Sahaf Festivali bu yıl Tepebaşı'nda




Beyoğlu Belediyesi tarafından beşinci kez düzenlenen Beyoğlu Sahaf Festivali bu yıl 6-18 Eylül tarihleri arasında Tepebaşı TRT binasının önündeki alanda gerçekleştirilecek.

Beylikdüzü'ndeki TÜYAP binasına taşınmadan önce TÜYAP Kitap Fuarı da bu sene Beyoğlu Sahaf Festivali'nin yapılacağı alanın altındaki binada gerçekleştiriliyordu. Ulaşım zorluğu nedeniyle pek çok okuyucu ve yayınevi kitap fuarının Tepebaşı'ndan taşınmasından halen şikayetçi.

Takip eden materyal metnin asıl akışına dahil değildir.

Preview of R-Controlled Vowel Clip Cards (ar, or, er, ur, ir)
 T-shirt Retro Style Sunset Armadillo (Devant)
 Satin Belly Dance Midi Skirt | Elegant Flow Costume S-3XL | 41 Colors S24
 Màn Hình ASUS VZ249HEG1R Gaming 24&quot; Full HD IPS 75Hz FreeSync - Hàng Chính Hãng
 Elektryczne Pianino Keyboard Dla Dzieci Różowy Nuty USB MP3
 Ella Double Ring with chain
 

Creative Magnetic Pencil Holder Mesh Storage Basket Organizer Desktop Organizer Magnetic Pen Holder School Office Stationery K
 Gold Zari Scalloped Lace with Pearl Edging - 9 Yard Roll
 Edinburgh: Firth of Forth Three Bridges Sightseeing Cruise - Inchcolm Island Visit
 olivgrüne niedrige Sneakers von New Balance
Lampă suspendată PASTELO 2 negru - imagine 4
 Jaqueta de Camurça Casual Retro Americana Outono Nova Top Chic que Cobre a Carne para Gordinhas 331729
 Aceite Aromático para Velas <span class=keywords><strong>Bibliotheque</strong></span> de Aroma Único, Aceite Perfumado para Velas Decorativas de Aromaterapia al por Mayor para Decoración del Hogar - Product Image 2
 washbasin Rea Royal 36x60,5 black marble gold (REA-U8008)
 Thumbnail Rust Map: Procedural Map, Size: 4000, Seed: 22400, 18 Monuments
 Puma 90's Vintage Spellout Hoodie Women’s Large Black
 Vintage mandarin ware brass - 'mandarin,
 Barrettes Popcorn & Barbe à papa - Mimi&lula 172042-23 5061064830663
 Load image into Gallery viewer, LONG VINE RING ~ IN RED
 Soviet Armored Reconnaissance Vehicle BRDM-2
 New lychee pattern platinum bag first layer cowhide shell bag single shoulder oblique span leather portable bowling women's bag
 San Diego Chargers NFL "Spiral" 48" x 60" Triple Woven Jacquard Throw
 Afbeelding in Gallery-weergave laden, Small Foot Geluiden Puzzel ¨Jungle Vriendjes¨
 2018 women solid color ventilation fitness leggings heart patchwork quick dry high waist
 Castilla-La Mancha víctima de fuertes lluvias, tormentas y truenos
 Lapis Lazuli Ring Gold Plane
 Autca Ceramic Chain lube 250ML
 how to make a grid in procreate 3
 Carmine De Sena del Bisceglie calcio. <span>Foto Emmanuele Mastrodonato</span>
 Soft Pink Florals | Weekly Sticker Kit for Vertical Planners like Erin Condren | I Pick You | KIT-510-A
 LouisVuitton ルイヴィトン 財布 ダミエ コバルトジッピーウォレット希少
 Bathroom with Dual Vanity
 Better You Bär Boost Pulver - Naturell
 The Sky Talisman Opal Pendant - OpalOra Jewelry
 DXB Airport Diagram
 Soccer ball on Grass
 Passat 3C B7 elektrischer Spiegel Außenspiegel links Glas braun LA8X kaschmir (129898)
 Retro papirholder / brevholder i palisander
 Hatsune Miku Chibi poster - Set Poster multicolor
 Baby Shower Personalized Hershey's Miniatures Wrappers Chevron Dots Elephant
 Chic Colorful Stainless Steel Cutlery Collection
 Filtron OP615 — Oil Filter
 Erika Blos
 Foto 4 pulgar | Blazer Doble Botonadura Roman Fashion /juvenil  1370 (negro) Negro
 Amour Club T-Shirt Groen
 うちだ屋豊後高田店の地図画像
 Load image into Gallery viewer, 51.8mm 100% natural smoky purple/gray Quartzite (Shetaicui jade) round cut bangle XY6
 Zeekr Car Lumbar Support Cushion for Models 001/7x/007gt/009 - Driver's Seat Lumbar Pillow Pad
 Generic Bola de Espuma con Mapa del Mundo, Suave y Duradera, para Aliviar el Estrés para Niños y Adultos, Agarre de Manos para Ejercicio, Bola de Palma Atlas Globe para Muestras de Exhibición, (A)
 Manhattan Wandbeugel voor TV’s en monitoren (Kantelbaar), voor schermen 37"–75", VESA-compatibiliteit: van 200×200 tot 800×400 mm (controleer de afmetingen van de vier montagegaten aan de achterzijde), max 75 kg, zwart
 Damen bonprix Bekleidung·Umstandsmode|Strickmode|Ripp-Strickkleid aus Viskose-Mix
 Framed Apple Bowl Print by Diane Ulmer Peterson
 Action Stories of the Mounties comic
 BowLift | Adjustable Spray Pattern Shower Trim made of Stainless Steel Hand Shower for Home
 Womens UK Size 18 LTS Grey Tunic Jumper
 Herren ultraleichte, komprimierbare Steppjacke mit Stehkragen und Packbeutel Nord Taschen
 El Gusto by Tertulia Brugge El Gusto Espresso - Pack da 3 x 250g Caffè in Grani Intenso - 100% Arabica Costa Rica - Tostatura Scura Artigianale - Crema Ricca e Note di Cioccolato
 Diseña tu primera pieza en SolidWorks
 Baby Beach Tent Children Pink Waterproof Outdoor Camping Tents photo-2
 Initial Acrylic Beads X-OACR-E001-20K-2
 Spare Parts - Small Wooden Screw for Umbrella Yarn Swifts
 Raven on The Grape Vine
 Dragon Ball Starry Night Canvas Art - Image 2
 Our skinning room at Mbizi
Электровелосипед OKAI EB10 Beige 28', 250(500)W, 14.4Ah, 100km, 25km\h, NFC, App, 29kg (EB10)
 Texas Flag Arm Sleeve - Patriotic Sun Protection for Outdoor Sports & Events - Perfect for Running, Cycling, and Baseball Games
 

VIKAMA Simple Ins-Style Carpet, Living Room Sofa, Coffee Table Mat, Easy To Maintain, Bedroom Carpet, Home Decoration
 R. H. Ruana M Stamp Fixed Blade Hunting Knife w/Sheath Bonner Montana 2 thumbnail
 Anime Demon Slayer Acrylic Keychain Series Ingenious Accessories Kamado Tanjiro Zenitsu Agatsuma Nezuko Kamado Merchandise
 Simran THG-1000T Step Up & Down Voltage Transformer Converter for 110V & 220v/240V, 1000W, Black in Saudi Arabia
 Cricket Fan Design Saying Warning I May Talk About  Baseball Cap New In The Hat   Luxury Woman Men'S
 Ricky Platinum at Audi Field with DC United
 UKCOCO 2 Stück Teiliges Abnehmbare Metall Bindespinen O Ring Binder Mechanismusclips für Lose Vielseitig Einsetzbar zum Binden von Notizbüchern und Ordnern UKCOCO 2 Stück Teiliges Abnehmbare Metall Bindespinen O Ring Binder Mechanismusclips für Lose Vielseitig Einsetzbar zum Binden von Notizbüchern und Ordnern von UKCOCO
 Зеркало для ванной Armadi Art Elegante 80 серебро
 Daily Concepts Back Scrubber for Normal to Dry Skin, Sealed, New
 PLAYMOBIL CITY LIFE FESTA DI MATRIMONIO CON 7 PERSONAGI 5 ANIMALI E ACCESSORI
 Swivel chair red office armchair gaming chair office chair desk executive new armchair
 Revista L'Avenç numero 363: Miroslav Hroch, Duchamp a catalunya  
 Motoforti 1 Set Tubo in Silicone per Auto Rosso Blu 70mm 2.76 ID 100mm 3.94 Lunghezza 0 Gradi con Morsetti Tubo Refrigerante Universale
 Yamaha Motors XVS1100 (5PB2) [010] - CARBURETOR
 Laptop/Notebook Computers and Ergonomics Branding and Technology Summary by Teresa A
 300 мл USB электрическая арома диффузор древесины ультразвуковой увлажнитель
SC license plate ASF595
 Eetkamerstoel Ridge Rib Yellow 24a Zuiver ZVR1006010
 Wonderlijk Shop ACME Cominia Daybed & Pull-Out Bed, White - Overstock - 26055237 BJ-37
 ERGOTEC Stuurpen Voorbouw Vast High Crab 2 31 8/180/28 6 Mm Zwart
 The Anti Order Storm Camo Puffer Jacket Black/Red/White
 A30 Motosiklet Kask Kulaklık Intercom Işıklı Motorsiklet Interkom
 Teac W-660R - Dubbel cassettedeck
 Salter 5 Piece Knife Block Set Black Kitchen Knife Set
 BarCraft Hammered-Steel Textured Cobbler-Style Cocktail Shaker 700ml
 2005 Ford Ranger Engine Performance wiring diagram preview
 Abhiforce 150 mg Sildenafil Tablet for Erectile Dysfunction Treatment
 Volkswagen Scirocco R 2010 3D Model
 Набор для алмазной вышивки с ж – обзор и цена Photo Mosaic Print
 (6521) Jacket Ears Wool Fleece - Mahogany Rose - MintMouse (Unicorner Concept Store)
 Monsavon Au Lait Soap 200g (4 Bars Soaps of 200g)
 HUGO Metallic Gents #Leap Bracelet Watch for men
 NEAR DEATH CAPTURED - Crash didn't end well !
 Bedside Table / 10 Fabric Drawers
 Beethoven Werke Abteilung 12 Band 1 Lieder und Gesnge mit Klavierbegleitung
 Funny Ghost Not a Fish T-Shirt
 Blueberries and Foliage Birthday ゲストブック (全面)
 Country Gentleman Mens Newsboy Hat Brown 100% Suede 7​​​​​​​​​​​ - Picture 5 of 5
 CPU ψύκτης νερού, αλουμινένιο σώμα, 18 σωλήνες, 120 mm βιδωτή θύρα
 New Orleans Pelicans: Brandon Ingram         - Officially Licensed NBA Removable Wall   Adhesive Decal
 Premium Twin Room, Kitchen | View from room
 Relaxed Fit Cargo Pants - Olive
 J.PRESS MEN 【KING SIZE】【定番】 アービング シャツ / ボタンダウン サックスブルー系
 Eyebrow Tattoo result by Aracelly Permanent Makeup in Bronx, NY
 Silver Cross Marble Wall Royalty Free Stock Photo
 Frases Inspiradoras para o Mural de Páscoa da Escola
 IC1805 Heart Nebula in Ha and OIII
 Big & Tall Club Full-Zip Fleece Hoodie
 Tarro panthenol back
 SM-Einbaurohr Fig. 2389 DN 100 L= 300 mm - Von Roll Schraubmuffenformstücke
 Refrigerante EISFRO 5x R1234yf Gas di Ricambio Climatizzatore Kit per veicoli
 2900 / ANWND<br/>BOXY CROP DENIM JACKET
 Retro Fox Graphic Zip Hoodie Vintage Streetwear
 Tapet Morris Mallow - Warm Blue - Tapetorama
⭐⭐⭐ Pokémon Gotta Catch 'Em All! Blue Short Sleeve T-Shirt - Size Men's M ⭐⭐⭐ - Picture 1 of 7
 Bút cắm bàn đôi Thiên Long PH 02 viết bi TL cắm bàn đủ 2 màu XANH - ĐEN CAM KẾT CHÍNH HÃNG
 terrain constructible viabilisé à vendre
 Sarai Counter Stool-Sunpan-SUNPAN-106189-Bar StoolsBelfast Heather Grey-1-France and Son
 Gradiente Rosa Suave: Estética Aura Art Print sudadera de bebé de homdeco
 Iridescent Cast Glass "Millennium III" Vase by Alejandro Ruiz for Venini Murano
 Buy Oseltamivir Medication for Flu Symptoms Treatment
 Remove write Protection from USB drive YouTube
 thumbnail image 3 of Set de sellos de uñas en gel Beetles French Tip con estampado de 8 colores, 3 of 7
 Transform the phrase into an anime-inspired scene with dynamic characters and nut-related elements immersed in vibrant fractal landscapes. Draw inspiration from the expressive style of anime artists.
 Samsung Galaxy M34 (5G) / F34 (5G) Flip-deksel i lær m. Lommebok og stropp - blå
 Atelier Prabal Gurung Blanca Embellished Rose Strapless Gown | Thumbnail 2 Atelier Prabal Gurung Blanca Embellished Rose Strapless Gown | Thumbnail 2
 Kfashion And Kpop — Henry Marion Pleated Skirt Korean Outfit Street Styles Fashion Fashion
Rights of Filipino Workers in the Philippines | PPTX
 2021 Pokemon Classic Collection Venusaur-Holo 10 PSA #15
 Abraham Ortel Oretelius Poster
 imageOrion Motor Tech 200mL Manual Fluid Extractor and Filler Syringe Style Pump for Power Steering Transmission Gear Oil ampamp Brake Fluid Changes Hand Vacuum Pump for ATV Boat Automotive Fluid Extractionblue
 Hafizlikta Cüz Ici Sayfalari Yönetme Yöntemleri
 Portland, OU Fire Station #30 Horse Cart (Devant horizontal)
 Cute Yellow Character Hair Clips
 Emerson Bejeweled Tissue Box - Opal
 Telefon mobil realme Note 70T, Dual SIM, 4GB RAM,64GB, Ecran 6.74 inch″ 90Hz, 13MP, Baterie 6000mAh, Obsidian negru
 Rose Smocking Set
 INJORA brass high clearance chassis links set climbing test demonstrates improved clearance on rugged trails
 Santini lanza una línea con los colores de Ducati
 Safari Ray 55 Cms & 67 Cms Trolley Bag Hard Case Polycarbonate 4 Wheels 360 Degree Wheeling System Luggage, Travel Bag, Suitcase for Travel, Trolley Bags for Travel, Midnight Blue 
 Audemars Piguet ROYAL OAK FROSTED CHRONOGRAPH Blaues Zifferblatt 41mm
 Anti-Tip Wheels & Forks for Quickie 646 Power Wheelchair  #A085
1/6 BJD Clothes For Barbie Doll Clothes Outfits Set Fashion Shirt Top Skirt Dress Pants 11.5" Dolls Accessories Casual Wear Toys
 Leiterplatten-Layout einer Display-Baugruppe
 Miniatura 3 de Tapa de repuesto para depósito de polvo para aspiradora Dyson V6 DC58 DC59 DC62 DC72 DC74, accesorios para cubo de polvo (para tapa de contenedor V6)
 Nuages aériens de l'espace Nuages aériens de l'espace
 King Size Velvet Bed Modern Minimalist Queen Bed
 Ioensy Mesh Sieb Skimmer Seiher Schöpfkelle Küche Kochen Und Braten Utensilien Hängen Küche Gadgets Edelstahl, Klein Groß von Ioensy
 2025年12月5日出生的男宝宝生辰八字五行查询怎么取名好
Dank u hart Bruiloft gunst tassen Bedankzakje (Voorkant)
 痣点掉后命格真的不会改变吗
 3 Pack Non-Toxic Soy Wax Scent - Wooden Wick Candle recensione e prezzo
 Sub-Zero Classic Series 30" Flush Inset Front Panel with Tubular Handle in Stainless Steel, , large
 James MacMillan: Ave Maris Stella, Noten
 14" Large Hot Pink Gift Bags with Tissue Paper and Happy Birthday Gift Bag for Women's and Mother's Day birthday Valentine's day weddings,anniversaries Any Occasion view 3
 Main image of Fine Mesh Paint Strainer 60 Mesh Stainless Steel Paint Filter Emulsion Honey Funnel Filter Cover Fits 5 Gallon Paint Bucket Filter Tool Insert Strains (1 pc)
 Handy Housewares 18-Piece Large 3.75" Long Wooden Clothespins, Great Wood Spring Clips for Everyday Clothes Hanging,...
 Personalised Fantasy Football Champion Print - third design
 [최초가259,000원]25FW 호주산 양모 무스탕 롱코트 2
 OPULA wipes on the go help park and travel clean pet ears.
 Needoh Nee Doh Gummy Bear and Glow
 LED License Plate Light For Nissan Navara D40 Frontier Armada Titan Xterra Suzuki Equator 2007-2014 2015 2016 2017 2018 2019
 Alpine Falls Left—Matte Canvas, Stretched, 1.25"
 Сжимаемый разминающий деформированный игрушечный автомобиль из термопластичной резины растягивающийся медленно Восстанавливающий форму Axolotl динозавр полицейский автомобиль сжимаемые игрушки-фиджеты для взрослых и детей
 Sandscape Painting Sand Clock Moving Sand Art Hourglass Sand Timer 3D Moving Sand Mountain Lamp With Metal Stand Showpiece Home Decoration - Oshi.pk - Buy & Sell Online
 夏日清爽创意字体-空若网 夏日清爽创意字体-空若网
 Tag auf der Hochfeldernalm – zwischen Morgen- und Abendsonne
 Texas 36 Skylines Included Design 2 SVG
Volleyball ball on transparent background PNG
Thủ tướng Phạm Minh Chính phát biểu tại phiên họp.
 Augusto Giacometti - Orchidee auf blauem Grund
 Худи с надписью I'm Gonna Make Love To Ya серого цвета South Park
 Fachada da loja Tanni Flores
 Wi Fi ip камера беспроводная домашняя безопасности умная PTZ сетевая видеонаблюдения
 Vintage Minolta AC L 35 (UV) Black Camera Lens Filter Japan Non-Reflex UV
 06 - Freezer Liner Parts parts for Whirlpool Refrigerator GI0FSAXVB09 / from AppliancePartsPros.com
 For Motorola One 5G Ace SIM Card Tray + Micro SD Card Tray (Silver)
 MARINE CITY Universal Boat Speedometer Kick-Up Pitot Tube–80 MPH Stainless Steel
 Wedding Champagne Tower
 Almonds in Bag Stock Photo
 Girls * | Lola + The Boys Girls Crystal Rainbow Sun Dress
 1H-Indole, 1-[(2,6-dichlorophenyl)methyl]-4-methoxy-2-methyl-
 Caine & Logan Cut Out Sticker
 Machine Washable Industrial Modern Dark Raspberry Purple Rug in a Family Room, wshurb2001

6 Eylül Salı günü başlayacak ve 18 Eylül Pazar günü sonlandırlacak 5. Beyoğlu Kitap Fuarı her gün 11.00-23.00 saatleri arasında ziyaret edilebilecek. Bu seneki festivale İstanbul'un değişik semtlerinden sahafların yanı sıra, Ankara'dan gelecek bazı sahaflar da katılıyor.
Bu sene 72 sahafın yer aldığı Beyoğlu Kitap Fuarı, geçen sene 74 sahafın katılımıyla Taksim Gezi Parkı'nda gerçekleştirilmişti.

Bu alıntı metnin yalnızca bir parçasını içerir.